DocketNumber: Nos. 09-CV-457, 09-CV-881
Judges: Blackburne, Oberly, Rigsby, Ruiz
Filed Date: 4/5/2012
Status: Precedential
Modified Date: 10/26/2024
This appeal arises from a protracted administrative dispute between appellee, Deborah J. Bryant, and her former employer, the District of Columbia Department of Corrections (DOC), regarding allegations of sexual and racial discrimination. In 1992, the District of Columbia Office of Human Rights (OHR) first determined that the DOC had discriminated against appellee in violation of the District of Columbia Human Rights Act (DCHRA), D.C.Code § 2-1401.01 et seq. (2001). Over the next seventeen years, the matter worked its way through the administrative process, culminating in the Superior Court’s February 2009 order awarding ap-pellee back pay with interest. On appeal, both DOC and ÓHR challenge the Superi- or Court’s award of interest on appellee’s back pay award. We hold that OHR has authority to award interest on back pay awards and affirm the judgment of the Superior Court remanding the matter to OHR for reconsideration of appellee’s request for interest, in light of the circumstances of the case, recognizing and exercising its authority to award such interest.
I. Facts
Appellee began work as a clerk-typist at the Occoquan facility of the DOC’s Lorton Correctional Complex in August 1982. In June 1987, appellee was temporarily reassigned to the Modular facility to work as the secretary-typist for the warden of the Occoquan facility, John Lattimore. Although the secretary-typist position was grade DS-7, appellee retained her clerk-typist grade DS-5 pay. Shortly after ap-pellee was reassigned, Lattimore began to make sexual comments to her, which ap-pellee rebuffed or ignored.
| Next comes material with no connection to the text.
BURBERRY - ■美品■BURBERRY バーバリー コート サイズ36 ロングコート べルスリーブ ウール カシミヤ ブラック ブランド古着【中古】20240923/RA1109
Appellee’s efforts to vindicate her rights under the DCHRA have been arduous, and we set them out in some detail. In March 1990, appellee filed a complaint with the OHR alleging sexual and racial discrimination by Lattimore and the DOC. In February 1992, OHR found probable cause to believe that DOC had engaged in racial and sexual discrimination against appellee in violation of the DCHRA. OHR issued a Summary Determination and Order in September 1992. The order determined that appellee was entitled to receive a retroactive promotion to the DS-7 level, back pay, and medical expenses, but denied damages for emotional distress and attorney’s fees. Appellee and DOC both appealed the decision to the Office of City Administrator (OCA). On January 31, 1994, OCA affirmed OHR’s finding of probable cause to support the sexual discrimination claim, but reversed OHR’s determination of probable cause for the racial discrimination claim. OCA also denied appellee’s appeal for compensatory damages and attorney’s fees, stating that District employees were not entitled to such damages.
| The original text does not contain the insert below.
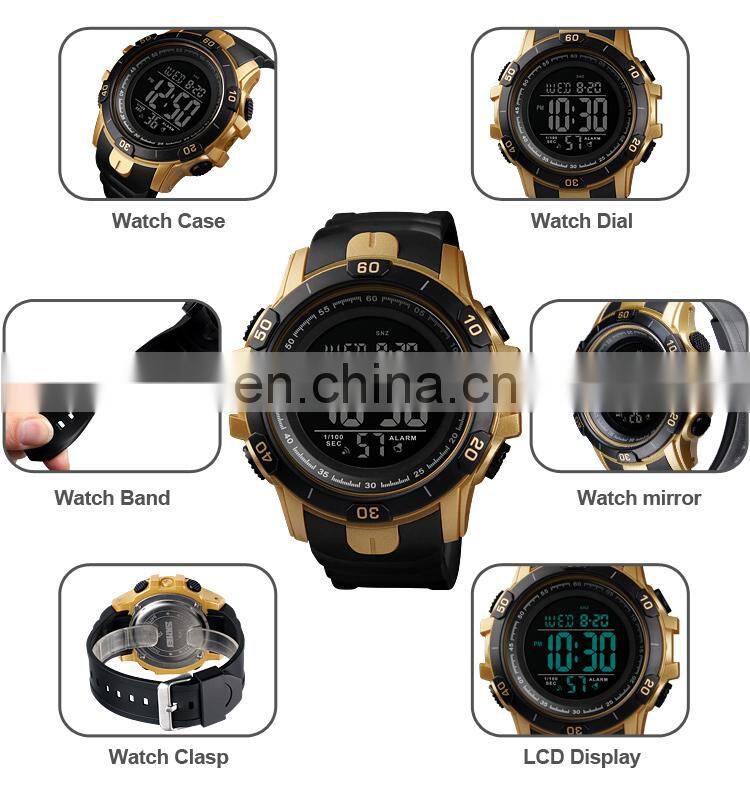 Skmei 1475 Fashion Military Sport Watch Men Wristwatch Waterproof Alarm Chronograph Digital Movement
In December 1997, OHR issued a Determination on Remand, holding that appel-lee’s racial discrimination claim was not timely filed, but awarding her a retroactive promotion to a DS-7 pay grade and back pay for the sexual discrimination claim. That order was appealed to the Superior Court, which again remanded the case to OHR in June 1998. This time, the court ordered OHR to reexamine the award of a retroactive promotion and back pay under the correct legal standard, and charged OHR with making a factual determination on the amount of damages.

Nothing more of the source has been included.